On those clear, still winter nights when temperatures plummeted to -4C, she tried to find space on a couch at a friend's place, but there wasn't always room.
"A lot of people think, you know what a life, but it's me living this life. I don't like living it. I know I can do better. I just need a home."
The hardest thing about living on the streets was how lonely you ended up feeling, Tihema said.
"The street life, sometimes it pushes you to suicide, and that's what we don't want. I've met one of the boys just the other day, and he told me he wanted to kill himself. And I said to him, 'Son, don't you think like that. All you need to do is look for the right groups that love and care about you.'...he comes to look for me all the time now."
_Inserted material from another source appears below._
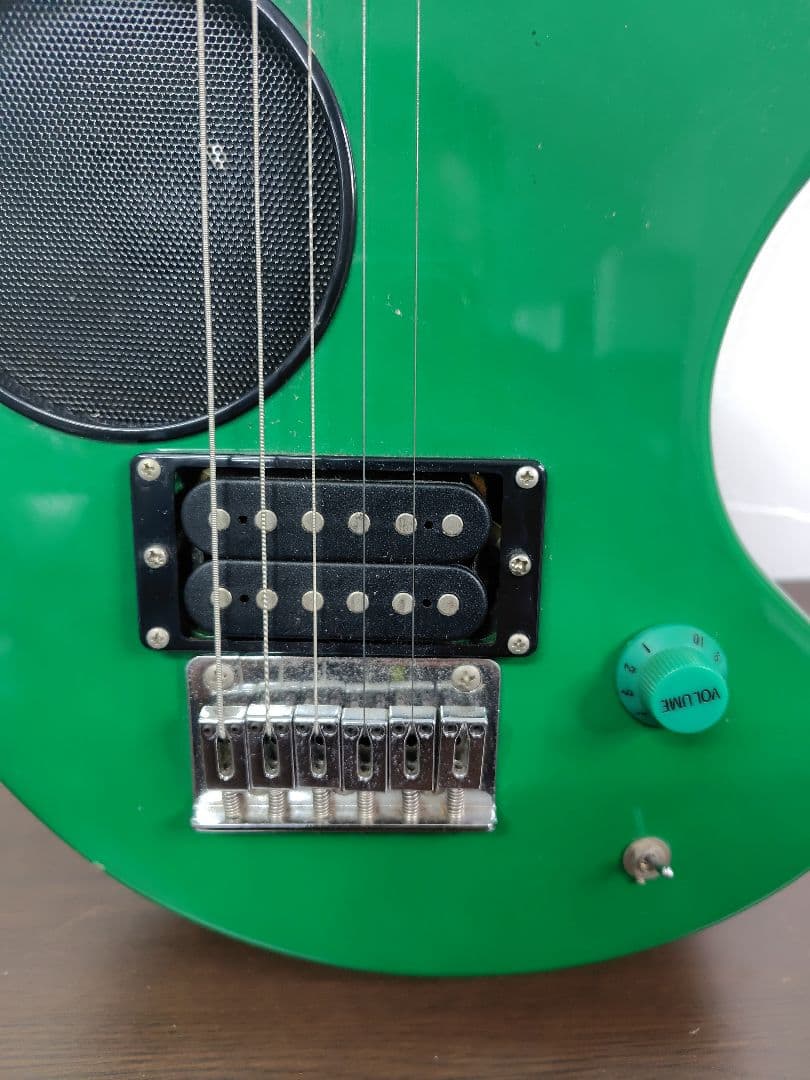 FERNANDES ミニギター（グリーン）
City Missioner Matthew Mark said there had been a drop in the number of people in Tihema's position, living on the streets.
More of a worry these days were the so-called hidden homeless - those living in cars, garages or on a friend's couch.
They had seen a 13 percent increase in July compared to last month in people coming to them for help with accommodation, and rising rents were to blame, he said.
"In order for a family to be in poverty, they're earning $33,000 or less. Almost everywhere around our country at the moment, rent would soak that up full stop. They are the people who end up in garages or sleeping on couches or in their cars."
They were starting to see results from a new approach, where they worked on the underlying issues that might be leading to a person's homelessness.
An example was their success in helping one man give up the booze after years of alcoholism.
"Last week he had an interview with a government organisation and secured a job and he started with them on Tuesday. So he's since moved into our transitional housing and later on next week is going to be moving into his own place out in the community."
Tinna Dockerty, who spent two years on the streets when she was 15, had devoted her life to helping the homeless in Ōtautahi, calling many of them friends.
She had been involved in serving up hot meals and hugs every Tuesday in the centre of the city.
"This time of year, it's extremely tough and this is where they get sick. And people will drive past and go well, I only saw two homeless people, but they're the ones you see. The ones that are in the sheds, the abandoned buildings, on the couch and in a car. Those are the ones that you don't see."
For many the streets provided a feeling of freedom, and she warned there was often no quick fix for the issues that lead them there.
"We're dealing with mental health as well. You're dealing with addiction, drugs and alcohol. A lot of them use drugs as an antidepressant, as a painkiller. You know, it's a long day out there with no food and in the cold. So you need something to ease that."
Back in Linwood, Tihema was hoping Work and Income would find her some emergency housing.
One day she hoped to take a music course at polytech and be reunited with her children.